If I am not mistaken, Fedora doesn't *ship* gcc.i686 nor libstdc++-docs.i686. The are built though, see e.g. gcc-13.1.1-3.fc39 [1], they just get discarded somewhere later in the pipeline before landing in Fedora repos. I'd like to have them removed sooner, in the build phase (do not build them or delete them at the end). They are troublemakers from several points of view: 1. They conflict with their x86_64 counterparts. As a consequence, any time you download a full GCC build like koji download-build --arch={x86_64,i686,noarch} <build> you have to remove the two RPMs before trying to install the build. And this workaround has to be applied in every setup script over and over again. 1. They significantly slowdown distro-wide automatic tests like fedora-ci.koji-build.rpmdeplint.functional [2]. That particular test is very sensitive to amount of the files present in the RPMs being tested. I believe that not testing libstdc++-docs.i686 will shave 30-40% of the test time, possibly preventing timeouts like the one observed in [2]. Thanks for considering! [1] https://koji.fedoraproject.org/koji/buildinfo?buildID=2203015 [2] https://artifacts.dev.testing-farm.io/7eb9da00-48cd-4c25-876b-abad7033f7f4 Reproducible: Always
libstdc++-docs is slow to build, so skipping that for the i686 builds would speed them up.
This is not how Koji works. We need gcc.i686 in the Koji buildroot, so we have to build it, otherwise the i686 builders will not work. I do not think we need libstdc++-docs on the builders, so we could probably drop it.
Ah, of course, the buildroot :-) Thanks for reminding me!
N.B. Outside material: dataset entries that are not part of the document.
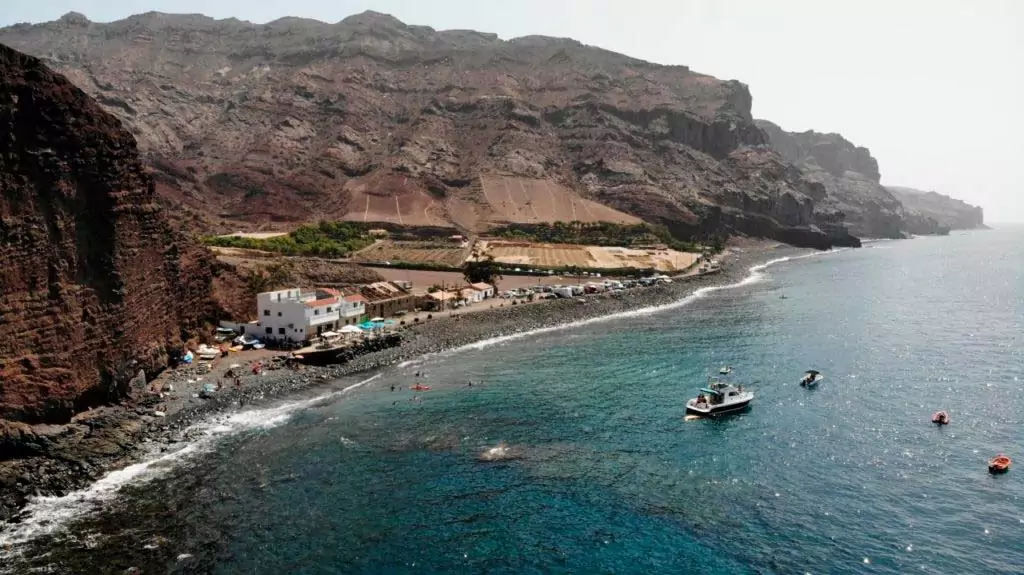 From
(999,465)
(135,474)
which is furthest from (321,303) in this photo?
(999,465)

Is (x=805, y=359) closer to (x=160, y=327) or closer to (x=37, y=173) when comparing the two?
(x=160, y=327)

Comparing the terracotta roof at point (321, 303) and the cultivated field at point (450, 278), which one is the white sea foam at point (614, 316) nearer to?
the terracotta roof at point (321, 303)

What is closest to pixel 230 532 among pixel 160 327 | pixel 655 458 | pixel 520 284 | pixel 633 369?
pixel 655 458

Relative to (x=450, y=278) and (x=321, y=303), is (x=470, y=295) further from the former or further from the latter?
(x=321, y=303)

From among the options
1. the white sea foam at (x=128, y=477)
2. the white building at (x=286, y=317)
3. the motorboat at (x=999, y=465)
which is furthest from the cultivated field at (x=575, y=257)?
the motorboat at (x=999, y=465)

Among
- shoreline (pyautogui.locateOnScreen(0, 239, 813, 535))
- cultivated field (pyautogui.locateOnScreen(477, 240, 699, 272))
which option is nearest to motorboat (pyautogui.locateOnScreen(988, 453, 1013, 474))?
shoreline (pyautogui.locateOnScreen(0, 239, 813, 535))

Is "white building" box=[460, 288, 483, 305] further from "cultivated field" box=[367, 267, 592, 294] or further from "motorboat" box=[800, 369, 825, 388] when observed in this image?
"motorboat" box=[800, 369, 825, 388] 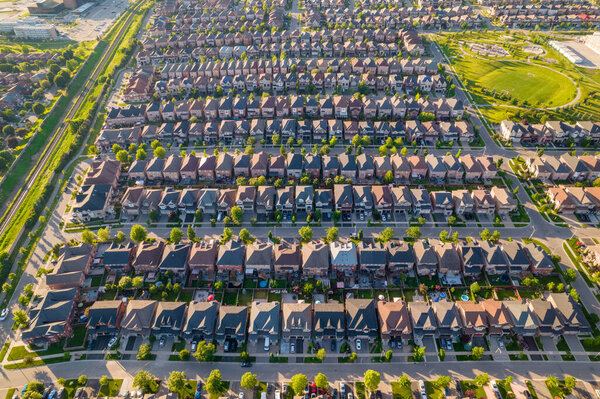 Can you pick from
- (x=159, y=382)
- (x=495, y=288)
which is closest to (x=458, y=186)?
(x=495, y=288)

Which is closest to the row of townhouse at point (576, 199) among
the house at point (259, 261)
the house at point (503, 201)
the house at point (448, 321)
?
the house at point (503, 201)

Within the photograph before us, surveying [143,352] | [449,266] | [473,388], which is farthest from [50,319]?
[449,266]

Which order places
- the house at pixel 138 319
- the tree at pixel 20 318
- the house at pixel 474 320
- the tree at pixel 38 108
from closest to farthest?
the house at pixel 474 320
the house at pixel 138 319
the tree at pixel 20 318
the tree at pixel 38 108

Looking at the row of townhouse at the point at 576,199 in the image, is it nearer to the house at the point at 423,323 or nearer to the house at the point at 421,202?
the house at the point at 421,202

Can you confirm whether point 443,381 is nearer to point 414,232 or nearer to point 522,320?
point 522,320

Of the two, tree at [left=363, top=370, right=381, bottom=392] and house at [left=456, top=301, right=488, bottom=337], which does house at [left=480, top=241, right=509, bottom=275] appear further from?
tree at [left=363, top=370, right=381, bottom=392]

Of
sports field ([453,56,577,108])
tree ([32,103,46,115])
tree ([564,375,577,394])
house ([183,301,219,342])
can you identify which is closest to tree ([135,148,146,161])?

I hope dropping libstdc++-docs.i686 is feasible.
Yeah. All the gcc* subpackages of gcc + libstdc++-docs are non-multilib, they need to be built for the 32-bit buildroot to function, but for any of the composes, they should be only included from the primary arch (x86_64 in the x86-64 case). I don't think libstdc++-docs is worth bothering with in the spec file, it isn't slow compared to the hours of lto profiled bootstrap and make check.
This bug appears to have been reported against 'rawhide' during the Fedora Linux 39 development cycle. Changing version to 39.